- _DATA TO PROCESS_:
————

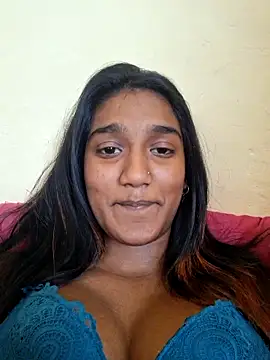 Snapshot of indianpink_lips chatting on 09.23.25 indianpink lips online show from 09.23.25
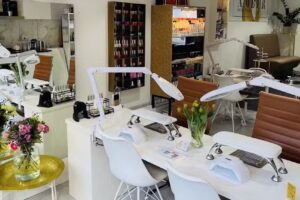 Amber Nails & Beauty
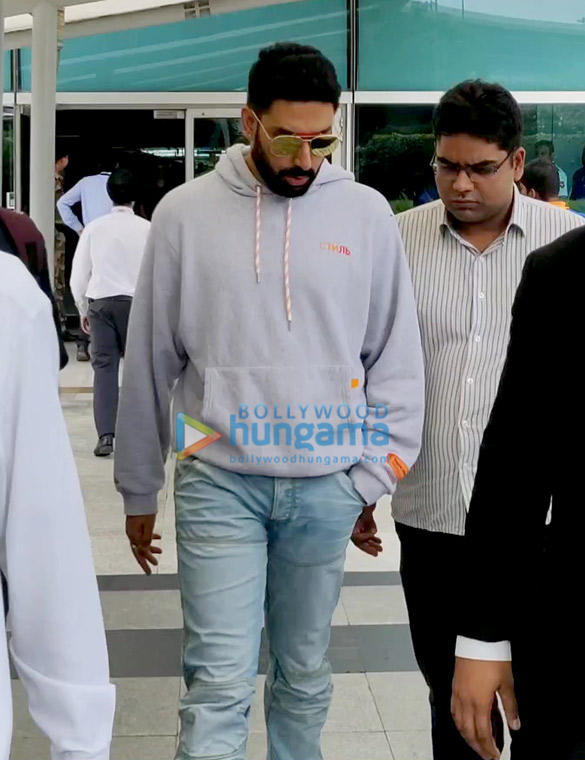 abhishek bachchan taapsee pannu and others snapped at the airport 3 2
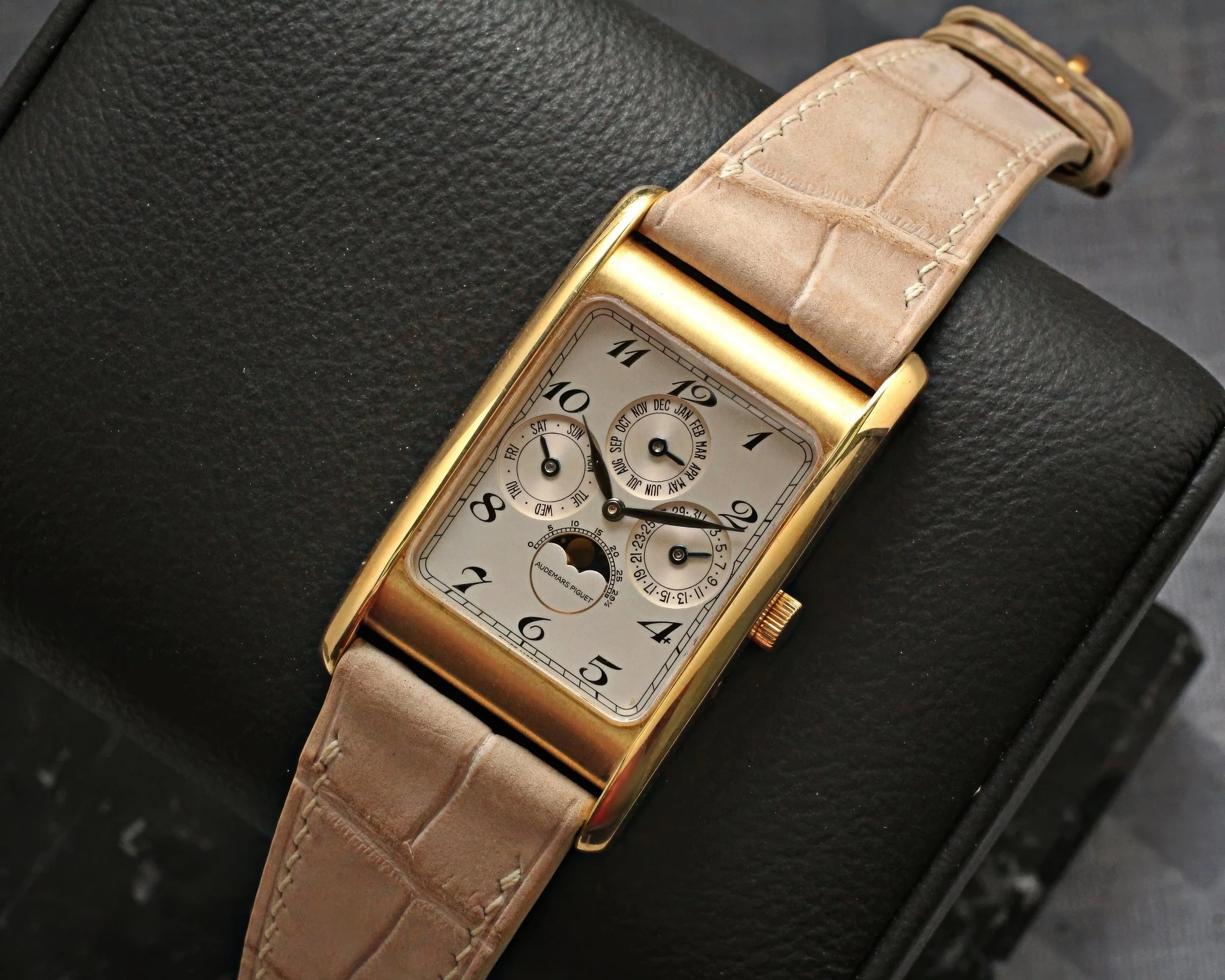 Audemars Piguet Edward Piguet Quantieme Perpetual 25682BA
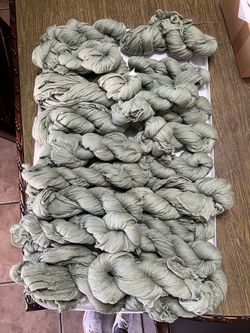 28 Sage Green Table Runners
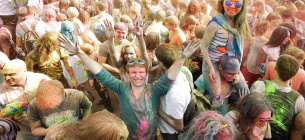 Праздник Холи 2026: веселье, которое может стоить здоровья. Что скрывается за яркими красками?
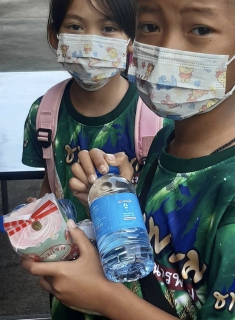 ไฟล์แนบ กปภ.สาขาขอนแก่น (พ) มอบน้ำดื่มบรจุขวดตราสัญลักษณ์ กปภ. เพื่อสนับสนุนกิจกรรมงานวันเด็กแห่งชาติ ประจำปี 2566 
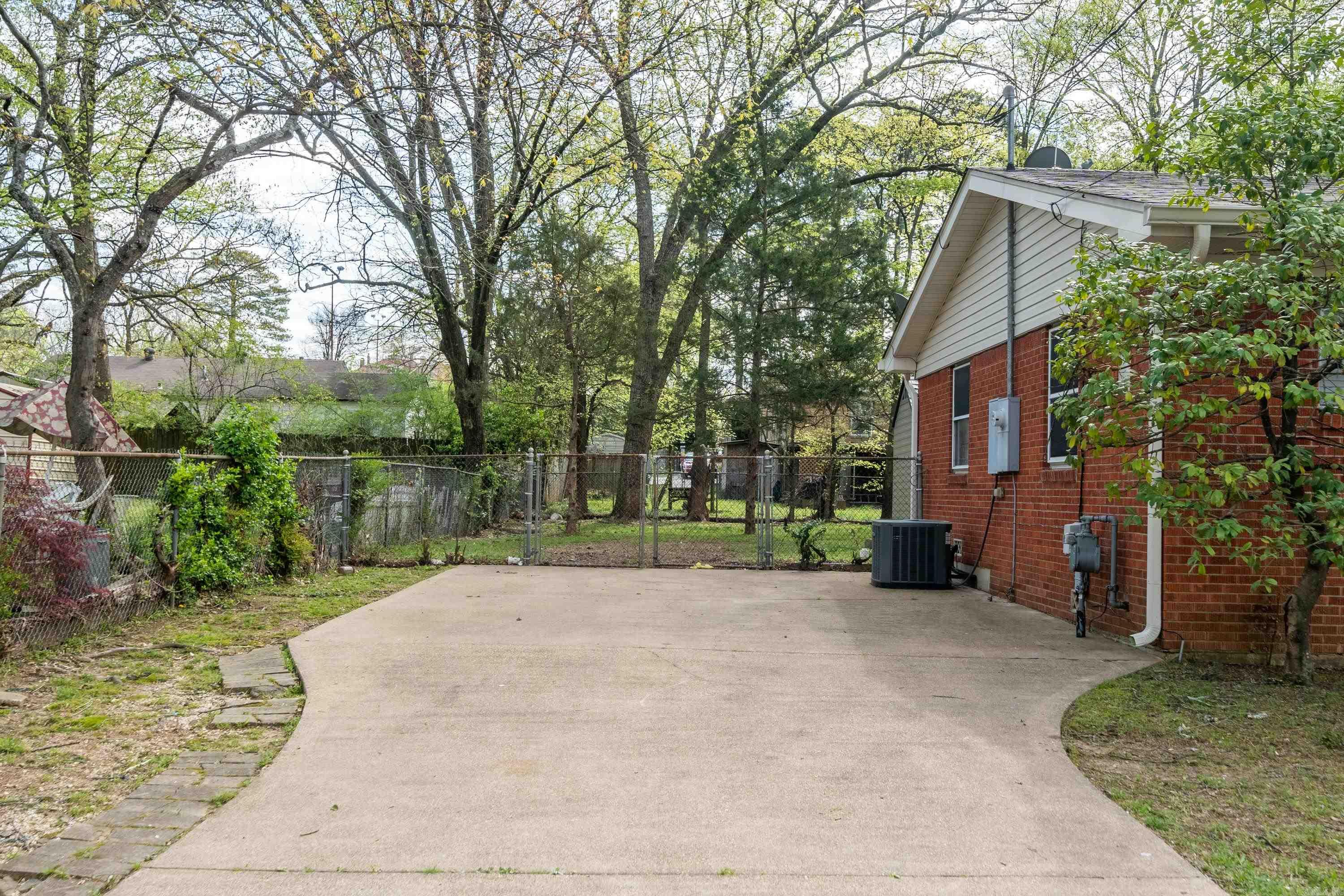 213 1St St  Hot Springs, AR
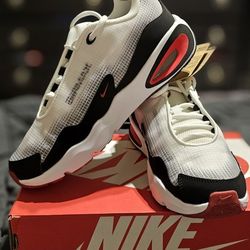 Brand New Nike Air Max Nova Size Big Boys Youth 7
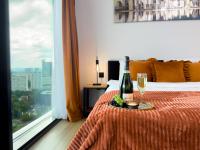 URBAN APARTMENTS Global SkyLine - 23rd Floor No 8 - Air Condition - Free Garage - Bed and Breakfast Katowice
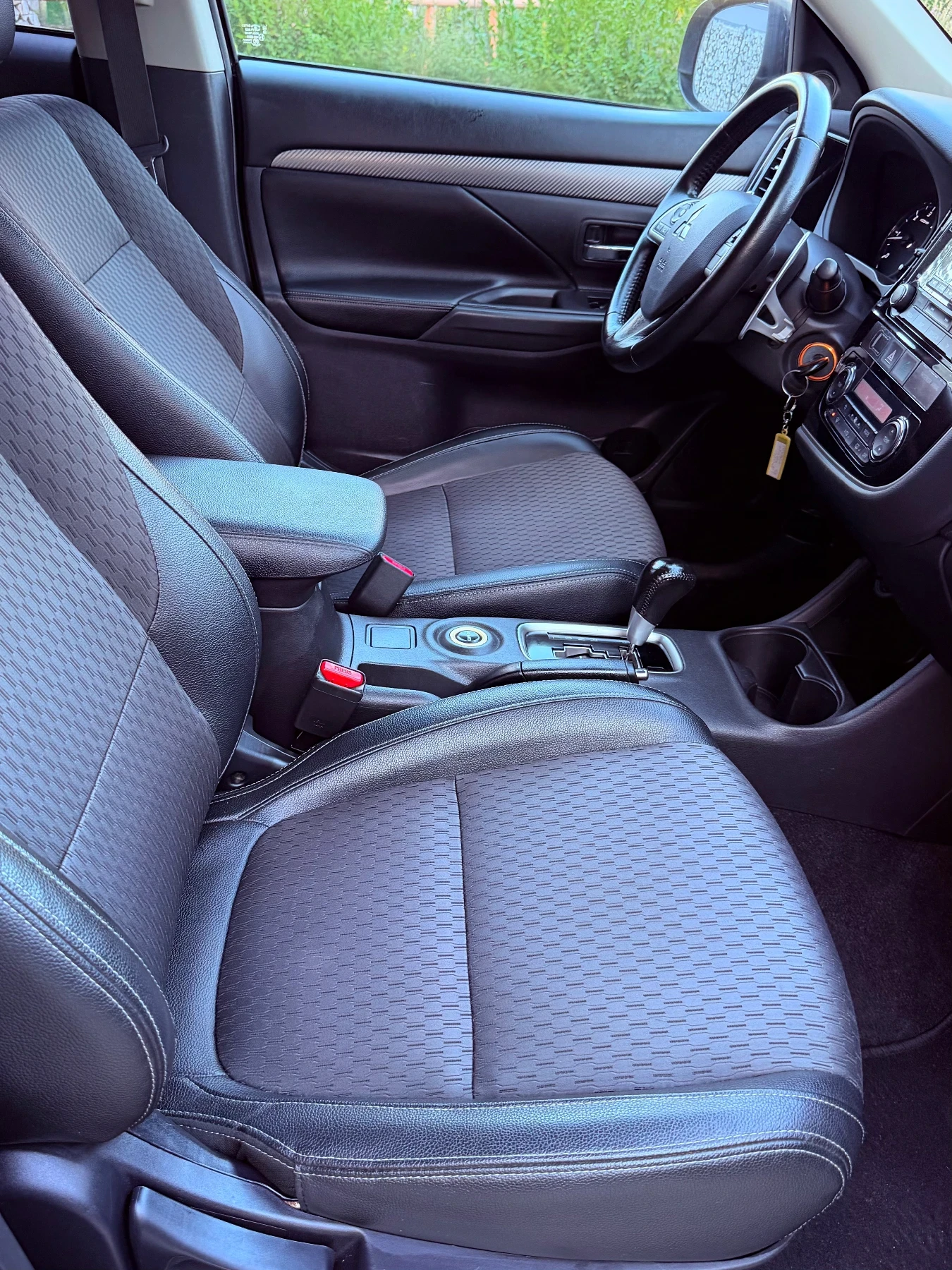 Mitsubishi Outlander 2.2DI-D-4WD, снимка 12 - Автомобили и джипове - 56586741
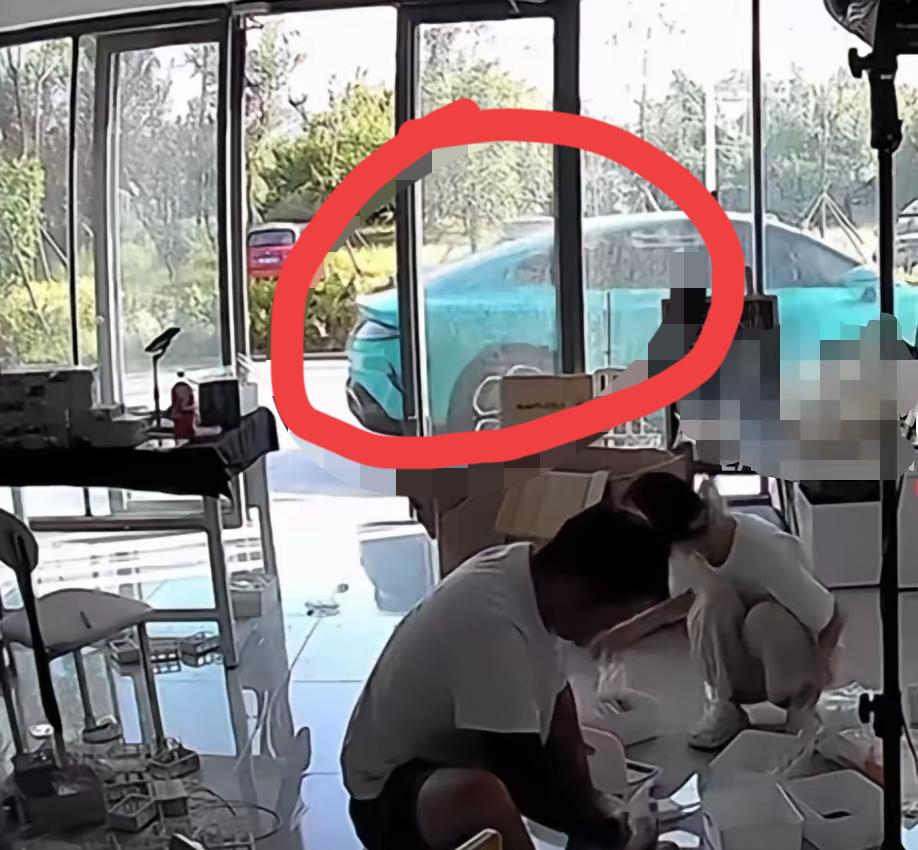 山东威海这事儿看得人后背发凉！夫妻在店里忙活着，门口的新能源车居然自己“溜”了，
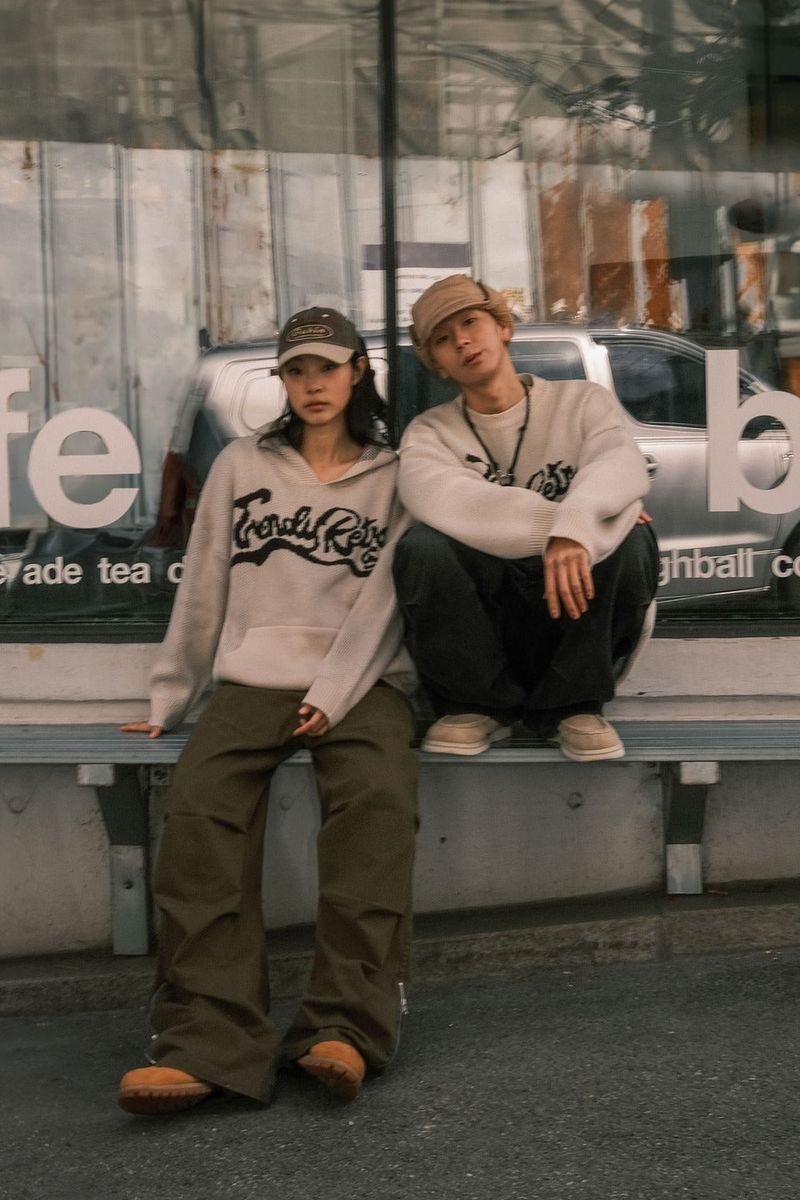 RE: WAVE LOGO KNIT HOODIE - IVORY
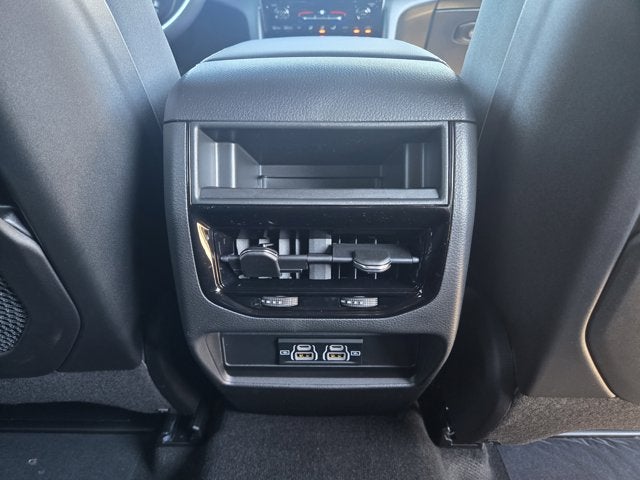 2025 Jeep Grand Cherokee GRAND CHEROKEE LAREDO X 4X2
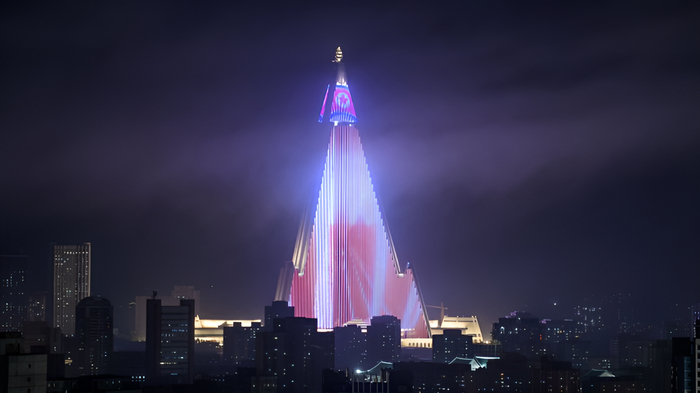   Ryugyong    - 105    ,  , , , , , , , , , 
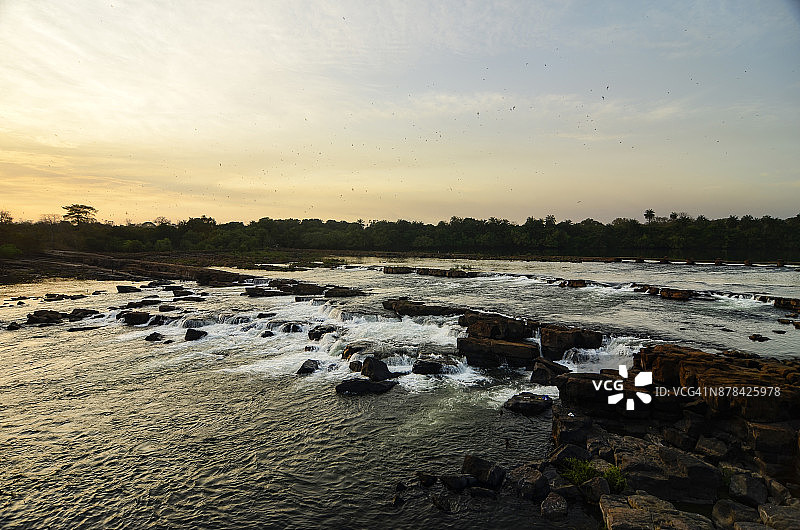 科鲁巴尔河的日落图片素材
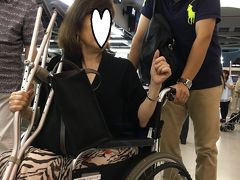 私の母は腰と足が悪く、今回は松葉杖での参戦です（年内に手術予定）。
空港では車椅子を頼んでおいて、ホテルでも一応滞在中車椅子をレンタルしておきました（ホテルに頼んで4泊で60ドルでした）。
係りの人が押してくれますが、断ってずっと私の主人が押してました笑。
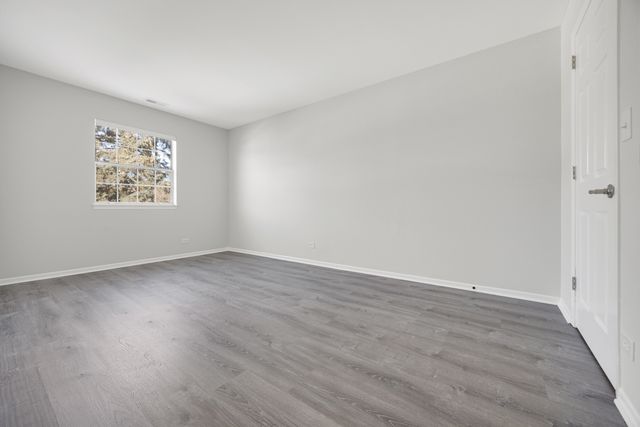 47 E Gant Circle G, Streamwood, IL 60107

————

- _WORK REQUEST_:
Write out the whole listing above exactly, minus images.

- _WRITTEN SOLUTION_:
 Snapshot of indianpink_lips chatting on 09.23.25 indianpink lips online show from 09.23.25
 Amber Nails & Beauty
 abhishek bachchan taapsee pannu and others snapped at the airport 3 2
 Audemars Piguet Edward Piguet Quantieme Perpetual 25682BA
 28 Sage Green Table Runners
 Праздник Холи 2026: веселье, которое может стоить здоровья. Что скрывается за яркими красками?
 ไฟล์แนบ กปภ.สาขาขอนแก่น (พ) มอบน้ำดื่มบรจุขวดตราสัญลักษณ์ กปภ. เพื่อสนับสนุนกิจกรรมงานวันเด็กแห่งชาติ ประจำปี 2566 
 213 1St St  Hot Springs, AR
 Brand New Nike Air Max Nova Size Big Boys Youth 7
 URBAN APARTMENTS Global SkyLine - 23rd Floor No 8 - Air Condition - Free Garage - Bed and Breakfast Katowice
 Mitsubishi Outlander 2.2DI-D-4WD, снимка 12 - Автомобили и джипове - 56586741
 山东威海这事儿看得人后背发凉！夫妻在店里忙活着，门口的新能源车居然自己“溜”了，
 RE: WAVE LOGO KNIT HOODIE - IVORY
 2025 Jeep Grand Cherokee GRAND CHEROKEE LAREDO X 4X2
   Ryugyong    - 105    ,  , , , , , , , , , 
 科鲁巴尔河的日落图片素材
 私の母は腰と足が悪く、今回は松葉杖での参戦です（年内に手術予定）。
空港では車椅子を頼んでおいて、ホテルでも一応滞在中車椅子をレンタルしておきました（ホテルに頼んで4泊で60ドルでした）。
係りの人が押してくれますが、断ってずっと私の主人が押してました笑。
 47 E Gant Circle G, Streamwood, IL 60107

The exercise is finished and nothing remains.